Find the limit of a multiplying term function when n tends to infinity. How do I evaluate the limit,
$$\lim_{n \to \infty}  \ \ \ \left(1-\frac1{2^2}\right)\left(1-\frac1{3^2}\right)\left(1-\frac1{4^2}\right)...\left(1-\frac1{n^2}\right)$$
I tried to break the $n^{\text{th}}$ term into $$\frac{(n+1)(n-1)}{n.n}$$ and then tried to do something but couldn't get anywhere.
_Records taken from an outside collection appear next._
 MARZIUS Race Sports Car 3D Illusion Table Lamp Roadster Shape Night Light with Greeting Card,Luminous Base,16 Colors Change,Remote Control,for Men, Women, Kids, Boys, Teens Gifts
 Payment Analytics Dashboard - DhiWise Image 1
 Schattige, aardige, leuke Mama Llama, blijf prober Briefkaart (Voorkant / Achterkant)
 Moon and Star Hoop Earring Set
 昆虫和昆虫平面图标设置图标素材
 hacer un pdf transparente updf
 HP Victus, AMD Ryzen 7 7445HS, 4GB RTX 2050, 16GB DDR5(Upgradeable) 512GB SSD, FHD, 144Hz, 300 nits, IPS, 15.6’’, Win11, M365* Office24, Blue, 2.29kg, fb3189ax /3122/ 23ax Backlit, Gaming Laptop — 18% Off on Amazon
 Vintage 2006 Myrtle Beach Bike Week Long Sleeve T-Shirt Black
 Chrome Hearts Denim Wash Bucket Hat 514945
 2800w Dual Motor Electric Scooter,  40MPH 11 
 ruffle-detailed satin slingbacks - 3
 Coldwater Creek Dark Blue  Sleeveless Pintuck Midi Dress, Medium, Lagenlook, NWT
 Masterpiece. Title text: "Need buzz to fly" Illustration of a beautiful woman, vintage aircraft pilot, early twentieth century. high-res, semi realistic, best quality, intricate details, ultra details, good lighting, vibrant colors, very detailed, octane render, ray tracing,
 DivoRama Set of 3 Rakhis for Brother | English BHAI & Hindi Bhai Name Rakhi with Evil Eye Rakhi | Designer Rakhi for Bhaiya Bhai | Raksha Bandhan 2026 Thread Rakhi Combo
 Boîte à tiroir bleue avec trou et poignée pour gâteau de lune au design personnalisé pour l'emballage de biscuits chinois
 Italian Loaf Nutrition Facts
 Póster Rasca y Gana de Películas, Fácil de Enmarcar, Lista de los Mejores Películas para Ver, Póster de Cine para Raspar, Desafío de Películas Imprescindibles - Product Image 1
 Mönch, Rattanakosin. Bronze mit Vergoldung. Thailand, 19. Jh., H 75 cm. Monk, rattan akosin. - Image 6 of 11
Please help as to how to solve such questions in general. Thanks.
 A: Hint: Prove by induction that $$\prod_{i=2}^n 1-\frac{1}{i^2}=\frac{n+1}{2n}$$
A: Hint.
$$
\frac{(2-1)(2+1)}{2\cdot 2}\cdots \frac{(n-2)n}{(n-1)(n-1)}\frac{(n-1)(n+1)}{nn}\frac{n(n+2)}{(n+1)(n+1)}\frac{(n+1)(n+3)}{(n+2)(n+2)} = \frac 12\frac{(n+3)}{(n+2)}
$$
A: We have
$$ \log\left(\prod_{n =2}^N 1 - \frac{1}{n^2} \right) = \sum_{n = 2}^N \log(n-1) + \log(n+1) - 2 \log(n) = \log(1) - \log(2) - \log(N) + \log(N+1).$$
So we have that
$$\prod_{n = 1}^N 1 - \frac{1}{n^2} = \frac{N+1}{2N} \to \frac{1}{2}$$
A: Did you try starting with small sequences and then seeing what cancels out each time?


*

*$\frac{1*3}{2*2} = \frac{3}{4}$

*$\frac{3}{4} * \frac{2*4}{3*3} = \frac{2}{3}$

*$\frac{2}{3} * \frac{3*5}{4*4} = \frac{5}{8}$

*$\frac{5}{8} * \frac{4*6}{5*5} = \frac{3}{5}$
A: The following will not be of help for such questions "in general", but it is too long for a comment.
Following Euler, we have
$$
\begin{align}
\frac{\sin x}{x} &=
\left( 1 - \frac{x}{\pi} \right) \left( 1 + \frac{x}{\pi} \right)
\left( 1 - \frac{x}{2 \pi} \right) \left( 1 + \frac{x}{2 \pi} \right)
\left( 1 - \frac{x}{3 \pi} \right) \left( 1 + \frac{x}{3 \pi} \right)
\dots \\
&=
\left[ 1 - \left( \frac{x}{\pi} \right)^2 \right]
\left[ 1 - \frac{1}{2^2} \left( \frac{x}{\pi} \right)^2 \right]
\left[ 1 - \frac{1}{3^2} \left( \frac{x}{\pi} \right)^2 \right]
\dots,
\end{align}
$$
or
$$
\frac{\sin x}{x} \cdot \frac{1}{1 - (x/\pi)^2} =
\left[ 1 - \frac{1}{2^2} \left( \frac{x}{\pi} \right)^2 \right]
\left[ 1 - \frac{1}{3^2} \left( \frac{x}{\pi} \right)^2 \right]
\dots.
$$
Hence the required product is
$$
\begin{align}
\lim_{x \to \pi} \frac{\sin x}{x} \cdot \frac{1}{1 - (x/\pi)^2}
&= \lim_{\epsilon \to 0} \frac{\sin \epsilon}{\pi - \epsilon} \cdot \frac{1}{1 - ([\pi - \epsilon]/\pi)^2} \\
&= \lim_{\epsilon \to 0} \frac{\epsilon}{\pi} \cdot \frac{1}{2 \pi \epsilon / \pi^2} \\
&= \frac{1}{2}.
\end{align}
$$